MARVIN GAYE: A TRIBUTE TO THE GREAT NAT "KING" COLE (1965)
1) Nature Boy; 2) Ramblin'
Rose; 3) Too Young; 4) Pretend; 5) Straighten Up And Fly Right; 6) Mona Lisa;
7) Unforgettable; 8) To The Ends Of The Earth; 9) Sweet Lorraine; 10) It's Only
A Paper Moon; 11) Send For Me; 12) Calypso Blues.
General verdict: The album title
pretty much says all you need to know here.
Just as things were finally starting to look
good for Marvin in the LP department, his admired idol and mentor Nat
"King" Cole had to go and die (February 15, 1965) — and, as a loyal disciple,
Marvin simply had to honor his passing
with a tribute album, his fourth one in the «easy listening» department. An
understandable and admirable gesture, for sure, but it is quite clear that if
you are not a big fan of Nathaniel Adams Coles, you will have no use for these
covers, and if you are a big fan, why
in the hell would you listen to Marvin Gaye doing Nat "King" Cole
instead of listening to the real thing?
At the very least, this record has a couple of
things going for it.

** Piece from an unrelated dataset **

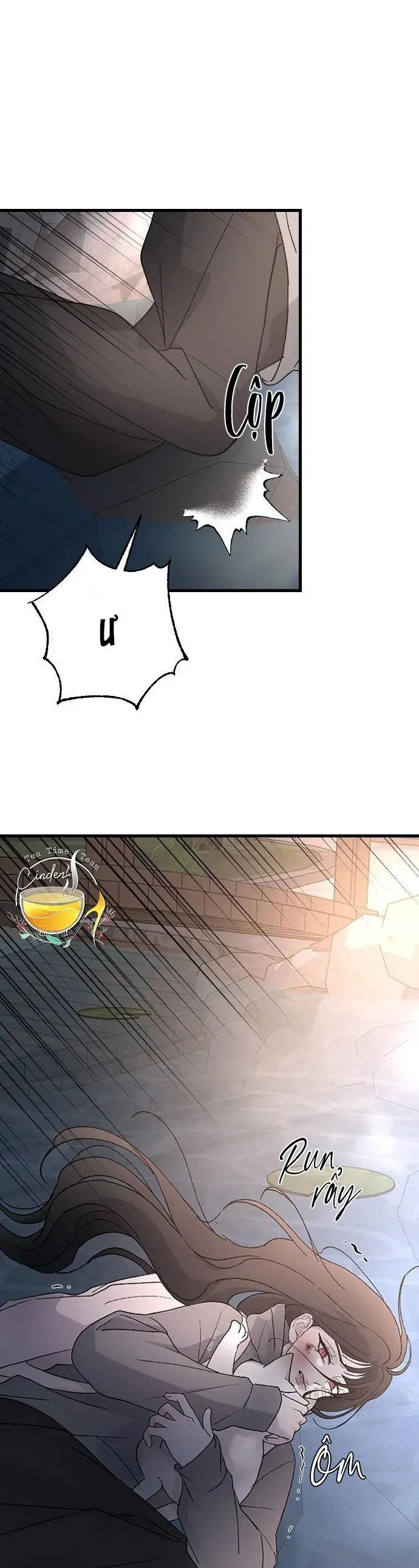 đọc truyện Ba Người Anh Trai Chương 99 ảnh 33 tại Thiên Thai Truyện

Most of the musical backing is provided by The Funk
Brothers, which is a big improvement after the syrupy orchestrations of Hello Broadway. And, also predictably,
the record has a jazzier and less Broadway-ish feel to it, though some of the
genre excourses are silly — like rounding out the title selection with ʽCalypso
Bluesʼ, for instance, so that you can ascertain for yourself that Mr. Gaye can
do the Jamaican accent thing just as naturally, and ridiculously, as Nat
himself.
On the other hand, this is quite expressly a
tribute, and a rather slavish one: Marvin tends to imitate, rather than
interpret, Cole on most of the tracks — and while on the overall scale Marvin
Gaye, as a soon-to-be artist with a big musical vision, scores much higher with
me than Nat King Cole, the consummate lounge entertainer, it is impossible for
a visionary artist to beat a master of lounge entertainment at his own game. He
simply does not have the appropriate seductive charms: the art of delicate
phrasing, the subtle touches of vocal modulation, the velvety-Vegasy charisma,
whatever. We may not count those as particularly great values in themselves,
but once the rules are selected, even if they are bad rules, the winner is he
who can follow them better than anybody else, and Marvin was never cut out for
that sort of thing.
He could also bring more diversity to the
proceedings — sappy ballads were not the only thing in Cole's repertoire, but
non-ballad material here is restricted to the playful jump blues of ʽStraighten
Up And Fly Rightʼ and ʽIt's Only A Paper Moonʼ, the Latin rhythms of ʽTo The
Ends Of The Earthʼ, and the abovementioned ʽCalypso Bluesʼ. Naturally, Marvin
does not play much piano, either, so if, for some reason, your introduction to
Nat happens to be via this album (a very
unlikely probability, but still), you will never know that the man was first
and foremost a great piano player, and a crooner only in the second place.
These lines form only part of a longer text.